New York unions sue, accusing charter schools of lowering standards for teachers

The city and state teachers unions filed a lawsuit Thursday in an effort to block dozens of New York City charter schools from being allowed to certify their own teachers, setting up a showdown between powerful unions and a group that oversees some of the state’s highest-performing charter schools.

The lawsuit argues that the State University of New York — which oversees 167 charter schools across the state — overstepped its authority by allowing its  schools to devise their own teacher certification programs. The unions argue that inexperienced and unqualified teachers will end up in front of children.

SUNY’s new policy would allow some charter schools to certify their teachers with as little as a month of classroom instruction and 40 hours of practice teaching, while eliminating a master’s degree requirement.

The head of the city teachers union, which represents few charter school teachers, said the new certification rules amount to an attack on the teaching profession and its standards.

“What we know is that every student needs a highly trained professional,” United Federation of Teachers President Michael Mulgrew said at a press conference outside the Manhattan State Supreme Court building. “It’s a political agenda to say you don’t need a highly qualified person to teach.”

The new certification policy, and the union’s lawsuit, hinge on a change in state law that gave SUNY the authority to regulate the “governance, structure and operations of charter schools.”

SUNY officials say the statute, part of a 2016 budget deal among state lawmakers, gives them the right to create a new teacher certification process. Large charter networks have cheered the change because they see their own training as better preparation than traditional higher education programs — and because it will allow them to recruit from a wider range of backgrounds.

“I think it’s very clear that the legislature gave the SUNY Charter Schools Committee the authority to make these sorts of changes,” said Joseph Belluck, chairman of the SUNY Charter Schools Committee.

But the unions contend the new policy violates other state laws governing teacher certification, and that SUNY’s interpretation of the change would let them skirt everything from fingerprinting requirements to the cap limiting the number of new charter schools that can open across the state. (They also argue the rules were not open for a sufficient period of public comment.)

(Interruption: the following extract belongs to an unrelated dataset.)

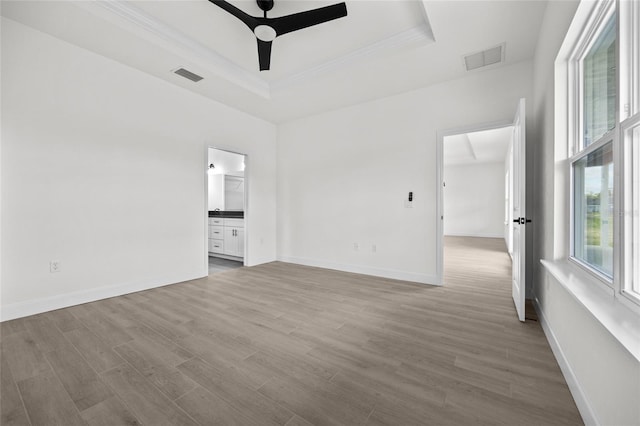 empty room with a tray ceiling, ceiling fan, and wood-type flooring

“They seem to think that the legislature gave them carte blanche to do whatever they want,” said Adam Ross, the United Federation of Teachers’ general counsel, “and that can’t possibly be.”

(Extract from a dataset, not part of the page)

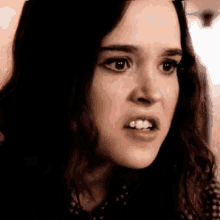 a close up of a woman making an angry face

What exactly the law permits has been a matter of controversy almost since the moment it passed.

Senate Majority Leader John Flanagan — a Republican who is a staunch charter-school supporter — took it to mean that certain charter schools would be exempt from “rules and regulations that were hampering innovative teaching and learning,” as he put it in a letter to the governor. In particular, he said, the law gave charters “flexibility on the rigid certification requirements.”

Assembly Speaker Carl Heastie — a teachers-union ally — sent a letter in response saying that the new law does not allow SUNY to disregard existing ones. However, at the end of the 2017 legislative session, Heastie’s spokeswoman sent a statement with a more equivocal stance.

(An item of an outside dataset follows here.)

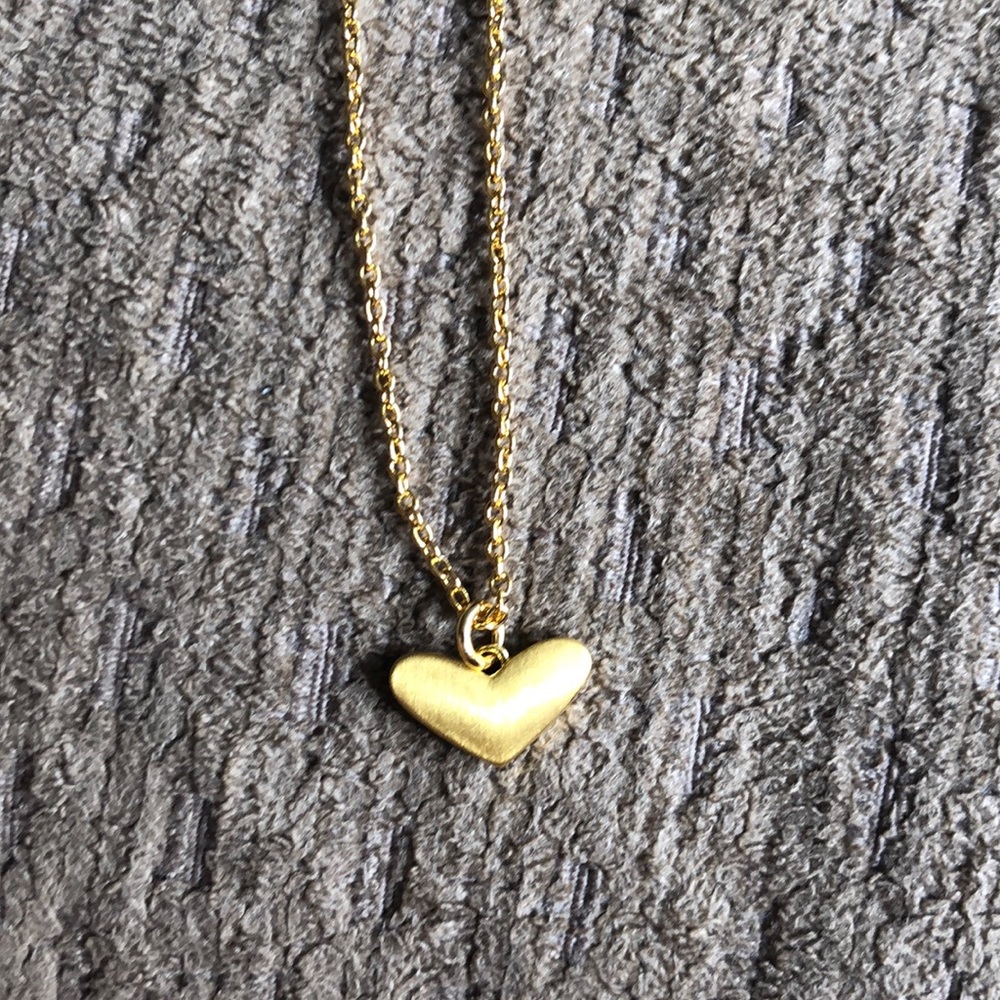 Gold heart charm necklace. Adjustable length.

“The Assembly Majority has stated that we don’t necessarily agree with SUNY’s assessment on teacher certifications,” the spokeswoman, Kerri Biche, told Chalkbeat in July. “But that’s an interpretation for SUNY to determine.” (Heastie’s office did not immediately respond to a request for comment Thursday.)

The two sides have used the lawsuit to question each other’s motives and level broader critiques. At a press conference Thursday, union officials said the charter industry is eager to weaken teacher certification rules because they have trouble hanging on to teachers and need quick replacements, even if they’re not qualified.

James Merriman, CEO of the New York City Charter Center, said the union-backed lawsuit is an effort to protect faculty members who depend on jobs at local colleges that could be scaled back if some charter school teachers no longer need master’s degrees. (The state teachers union, which jointly filed the lawsuit, represents education professors at CUNY and SUNY schools.)

“They want to ensure that the present requirements that everyone gets a master’s is adhered to,” Merriman said. “This is not about ensuring students have a high quality teacher in front of them.”

A spokesman for the New York State United Teachers disputed that characterization.

“We care deeply about the teaching profession and ensuring that all children have a qualified teacher,” said Carl Korn, the NYSUT spokesman. “That’s our only motivation.”